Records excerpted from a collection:
=== Begin Enclosure ===

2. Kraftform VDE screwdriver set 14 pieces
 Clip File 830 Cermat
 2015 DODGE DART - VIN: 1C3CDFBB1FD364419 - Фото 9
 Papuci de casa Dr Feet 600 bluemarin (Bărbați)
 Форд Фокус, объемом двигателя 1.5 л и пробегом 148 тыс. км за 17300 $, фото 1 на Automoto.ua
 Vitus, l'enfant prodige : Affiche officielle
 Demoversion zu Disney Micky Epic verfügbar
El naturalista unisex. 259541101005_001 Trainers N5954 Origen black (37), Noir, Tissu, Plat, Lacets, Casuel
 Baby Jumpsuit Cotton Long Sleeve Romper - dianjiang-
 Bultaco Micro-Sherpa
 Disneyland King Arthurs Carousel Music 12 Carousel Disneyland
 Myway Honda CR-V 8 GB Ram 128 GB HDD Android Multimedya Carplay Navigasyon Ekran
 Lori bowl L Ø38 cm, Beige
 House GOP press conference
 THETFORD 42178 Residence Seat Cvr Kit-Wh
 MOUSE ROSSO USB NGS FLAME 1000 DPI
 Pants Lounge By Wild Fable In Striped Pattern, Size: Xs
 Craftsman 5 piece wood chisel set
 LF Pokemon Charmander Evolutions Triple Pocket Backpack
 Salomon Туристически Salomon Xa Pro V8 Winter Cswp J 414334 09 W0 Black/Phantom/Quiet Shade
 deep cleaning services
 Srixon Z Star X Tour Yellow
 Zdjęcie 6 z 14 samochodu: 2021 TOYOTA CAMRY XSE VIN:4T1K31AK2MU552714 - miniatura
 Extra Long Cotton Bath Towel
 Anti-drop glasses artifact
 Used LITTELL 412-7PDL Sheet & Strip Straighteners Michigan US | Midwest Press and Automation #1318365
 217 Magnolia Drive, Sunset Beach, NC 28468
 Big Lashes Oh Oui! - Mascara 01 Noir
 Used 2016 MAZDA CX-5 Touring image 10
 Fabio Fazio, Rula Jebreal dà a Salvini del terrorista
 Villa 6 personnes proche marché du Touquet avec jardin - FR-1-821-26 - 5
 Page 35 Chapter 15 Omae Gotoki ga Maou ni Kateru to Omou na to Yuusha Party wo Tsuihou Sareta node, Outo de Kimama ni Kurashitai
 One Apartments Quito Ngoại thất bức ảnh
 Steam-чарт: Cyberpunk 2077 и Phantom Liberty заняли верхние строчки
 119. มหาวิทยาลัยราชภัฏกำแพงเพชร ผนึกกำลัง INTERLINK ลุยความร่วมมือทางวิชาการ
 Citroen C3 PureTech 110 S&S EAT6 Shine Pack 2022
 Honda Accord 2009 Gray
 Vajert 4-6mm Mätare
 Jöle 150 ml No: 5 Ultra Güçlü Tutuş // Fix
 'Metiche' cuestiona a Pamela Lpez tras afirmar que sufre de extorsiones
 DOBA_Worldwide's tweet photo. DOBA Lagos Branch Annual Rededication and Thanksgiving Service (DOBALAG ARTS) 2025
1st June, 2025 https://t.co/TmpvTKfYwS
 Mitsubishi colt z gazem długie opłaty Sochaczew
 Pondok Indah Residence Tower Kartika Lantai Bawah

=== End Enclosure ===

§ Work request
If a line above holds the word "Honda", copy it.

§ Result of this exercise
 Myway Honda CR-V 8 GB Ram 128 GB HDD Android Multimedya Carplay Navigasyon Ekran
 Honda Accord 2009 Gray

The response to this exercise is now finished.